When, much later, I wrote about my mother, that preoccupation with her had intensified so that she permeated all worlds—
Her mother was the cupboard with all the things in it, the tabernacle with God in it, the lake with the legends in it, the sea with the oysters and the corpses, a realm into which she longed to vanish forever.

Brides of Christ

We were in all three hundred women in that convent, a limestone bastion housing choir nuns, lay nuns, boarders, and orphans, the sinful issue of unmarried mothers. We, the boarders, were little recruits for Heaven, where we would learn to be immune to passions, to mortify ourselves in every way, and to put up with our chilblains.

The prevailing smells were of wax floor polish and cabbage, but in the chapel it was the smell of burning incense, so exotic, and afterward that smell lingered on in the wreaths of smoke that clouded the air.

Not long after I had arrived there, crossing the courtyard, I was halted in my tracks by the sound of whistling, and it seemed to me the sweetest and most melodious sound imaginable. I felt that it was a young boy on his way home from work, and I had the deepest longing not to be in that courtyard but to be out there, walking, walking under the stars. Although we were on the edge of the town, we might as well have been in Timbuktu. Our dormitories were on two floors, one for the junior girls and one for the seniors. Seniors had a private cubicle with a curtain at the end, but for us it was a question of washing by a basin at the side of the bed, girls splashing themselves from ewers of freezing water and trying not to let their dressing gowns slip off. My dressing gown had belonged to my mother. It was fawn and hairy, and my name tag was sewn on the back of the collar. You could tell the girls whose parents were rich by their dressing gowns, which were either quilted or satin, in pink and rose colors. My mother had stitched name tags on all my uniform
and, as she said, stitched her heart into each one. She cried for a week after I left, and not once did she break her fast. I fasted also, because the food was awful: meat that was stringy in a pool of brown gravy, the faithful cabbage, and, for evening tea, bread that was already spread with a mixture of butter and dripping. It was wartime and butter was rationed. In those first weeks, a girl whose bed backed onto mine had apples that she’d hidden in her clothes cupboard, and when the lights went out, she would eat them. Depending on her mood, she would or would not offer me some. But before long I learned from a senior that the best way to quell hunger was to put a blob of Vicks VapoRub on the tongue, which induced a slight nausea, though when I fell in love, I was not hungry at all.

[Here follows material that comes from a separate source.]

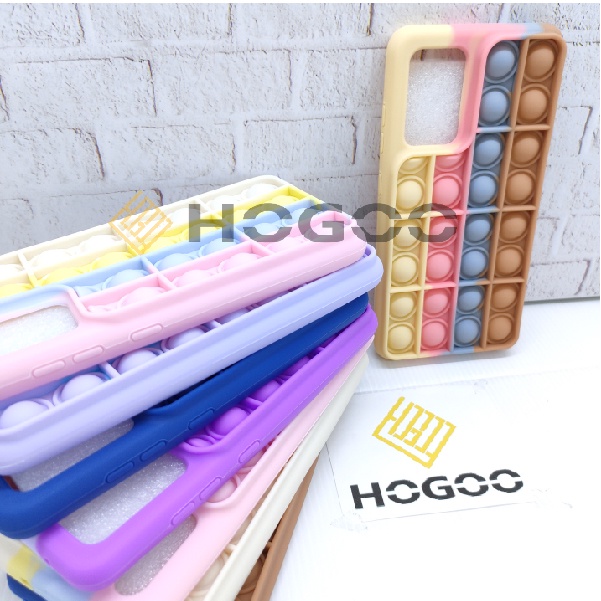 HOGOO SILICONE CASE POP IT SAMSUNG A72 - CASE PENGHILANG STRESS PUSH IT BUBBLE CASE RAINBOW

The nuns, all sixty or seventy of them, wore voluminous black habits with stiff white gimp that framed their faces and chiseled them. Nuns who had taken their final vows wore a wedding band on the ring finger, which signified that they were the Bride of Christ, and lay nuns, who were different from choir nuns, also had those wedding bands, but they wore aprons and did the menial work. Three hundred women with their humors and their tempers and their yearnings and their doubts and their several menstruations. My religious fervor would soar and falter during those years into which I crammed so much knowledge and information that I would in time forget.

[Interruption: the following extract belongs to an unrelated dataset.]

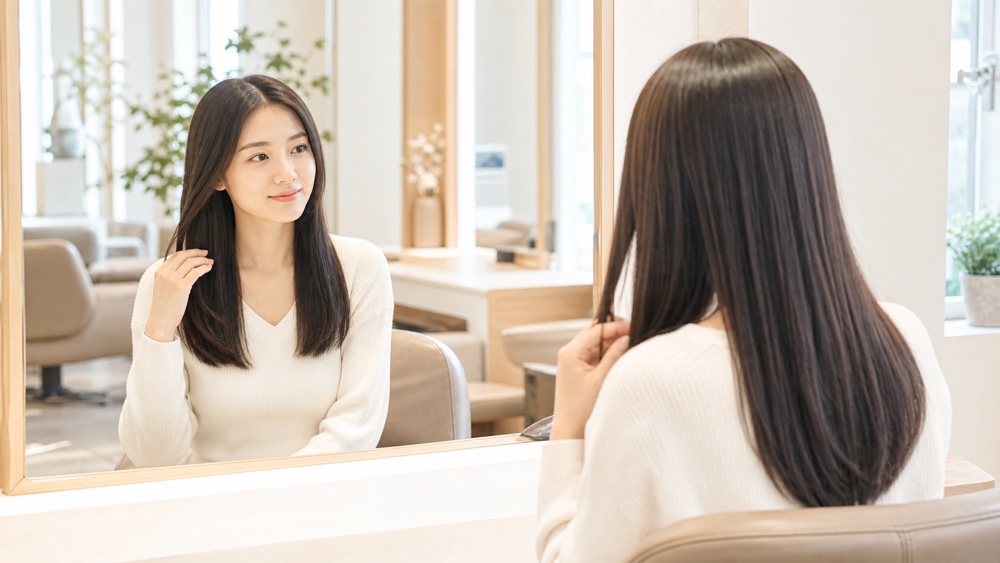 髪質改善後のツヤ髪を鏡で確認する女性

They were dour years, in which I came to love Latin, the words so right in my mouth, as if it were the mother tongue—
amo, amas, amat, amamus, amatis, amant;
years in which I failed by a few marks to win a scholarship, the scholarship that my parents so fervently hoped I would win, as the annual fee of forty pounds was a tremendous strain on their resources; years during which I would fall in love with a nun in a manner no
different, no less rapturous, from the successive loves which I would conceive for men down the years.

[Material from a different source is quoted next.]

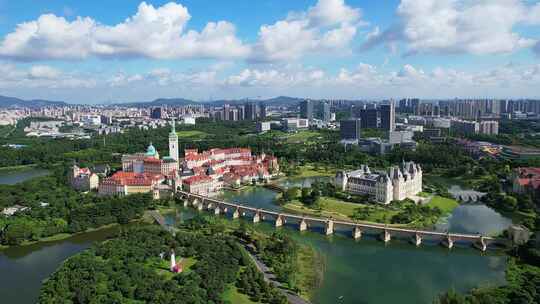 东莞松山湖景区航拍空镜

Three times a week we were allowed a walk outside the gates, though not through the town itself, since we might be subjected to worldly or profane temptations. The town, Loughrea, which took its name from the lake, had a population of several hundred souls and, as we were told, was cutting its industrial teeth by mining for zinc and silver some eight miles distant. We walked in pairs and were supposed not to speak, though the tossing of our lunches into the lake inevitably led to hilarity. After the first week, disgusted by the stringy meat and the strips of cabbage, I, like every girl, put my lunch in a bit of paper and tucked it inside my gym frock, to dump in the lake. The gravy leaked into the chest and left a wet, warm patch there. I remember the walks as being windy, and when the lake was frozen, a man in dungarees went in with a sledgehammer and broke the thick shelves of ice in order to let the pairs of swans move about, as they did imperceptibly, breaching the dark pockets of freed water.

The convent had its rules, its friendships, its penances, and its hilarities. Once, by mistake, a girl flushed a ten-shilling note down the lavatory and was in utter despair. It happened to be the same period as when parcels were arriving for Halloween, and when the Head Nun gave her nightly homily, referring to the parcels piling up in the parlor, she said that there seemed to be a great flush of money about. Hearing the word “flush” sent the girls into peals of laughter. We all laughed, including the girl who had lost her ten-shilling note. So perplexed was our nun by this skittishness, and our refusal to say what it was about, that she too began to laugh, and it was the only time it ever occurred to me that she might have a human trait.

The nun I was poised to fall in love with was different. She was younger, her cheeks extremely pale, ivory-colored, with
sometimes the merest tincture of wine-red on her cheekbones when in frustration she became inflamed if we failed to grasp the geometry theorem that she had just written on the blackboard.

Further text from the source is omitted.